Case 1: idiopathic pulmonary arterial hypertension. a) Dilated main pulmonary artery (PA). b) Centrilobular ground glass changes in the absence of interlobular septal thickening or mediastinal lymphadenopathy. c–f) Lungs from the same patient. Haematoxylin and eosin staining; magnification: c) and e) ×100; d) ×200; and f) ×40. c) Classic plexiform lesion (circled), with adjacent dilation lesions (arrowheads), representing an open anastomosis between the pulmonary and the systemic (bronchial) vasculature; note the completely occluded small PA with concentric intimal fibrosis (arrow); also note the lymphocytic follicle between bronchiole and larger PA (asterisk). d) Small arteriole (about 50 µm in diameter, arrow) with important muscularisation and constriction of its lumen. e) Septal vein (circled) displaying prominent collagen-rich intimal fibrosis that appears focally constrictive. f) Peripheral lung with limiting visceral pleura (bottom); the arrows indicate multiple remodelled microvessels <70 µm in diameter, down to the pre-capillary level; in fact, the alveolar septa between the arterioles and venules appear focally thickened (circled area) this is probably due to the microvasculopathy; together with an increase in intra-alveolar macrophages that can be depicted as well, these histologic changes would be the morphological correlate for ground glass opacities in panel b.

FIGURE 4

Pulmonary arterial hypertension (PAH) in association with systemic sclerosis. a) Dilated right atrium (RA) and right ventricle (RV). b) Prominent oesophagus (*). c–f) Lungs from a different patient suffering from systemic sclerosis-associated PAH. Haematoxylin and eosin staining; magnification: c) and e) ×20; d) ×100; and f) ×40. c) Peripheral lung parenchyma with mild subpleural fibrosis (top).
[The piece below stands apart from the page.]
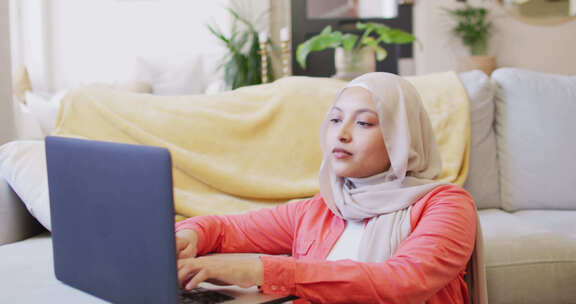在家戴头巾的混血女人坐在地板上用笔记本电脑工作的视频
Note heavily remodelled muscular-type pulmonary arteries (PAs) (circled) in preserved areas, independent of fibrosis. d) Magnification of right circled PA. Medial muscular thickening and important near-occlusive concentric nonlaminar intimal fibrosis is present. e) Remodelled PAs (bottom left) and septal veins with substantial smooth muscle cell hyperplasia (arrows). f) Muscularisation of small pulmonary arterioles (arrows) and thickening of alveolar septa to the left of the arterioles; these changes are vaguely reminiscent of PAH group 1.6 (pulmonary veno-occlusive disease/pulmonary capillary haemangiomatosis).

FIGURE 5

Eisenmenger syndrome secondary to patent ductus arteriosus. a) Dilated main pulmonary artery (PA). b) Large patent ductus arteriosus (*). c) Right atrial (RA) and right ventricular (RV) dilatation with severe RV hypertrophy. d) Centrilobular ground glass change. e–f) Lungs from two other patients with congenital heart disease-associated pulmonary arterial hypertension. Haematoxylin and eosin staining; magnification ×40 and ×20, respectively. e) PAs of a patient with Eisenmenger syndrome show classic plexiform lesions of muscular-type arteries; note the blood-filled dilatation lesions (arrows) in direct vicinity to the plexiform core. f) Pulmonary septal vein with important smooth muscle cell hyperplasia in another patient with Eisenmenger syndrome due to an open ductus arteriosus; in this case, venous remodelling (arrows) and even pulmonary capillary haemangiomatosis-like capillary proliferation (thicker alveolar septa beneath the septal vein, circled area) were more prominent than arterial changes, demonstrating that different patients with Eisenmenger syndrome may be associated with different phenotypes of pulmonary vascular disease.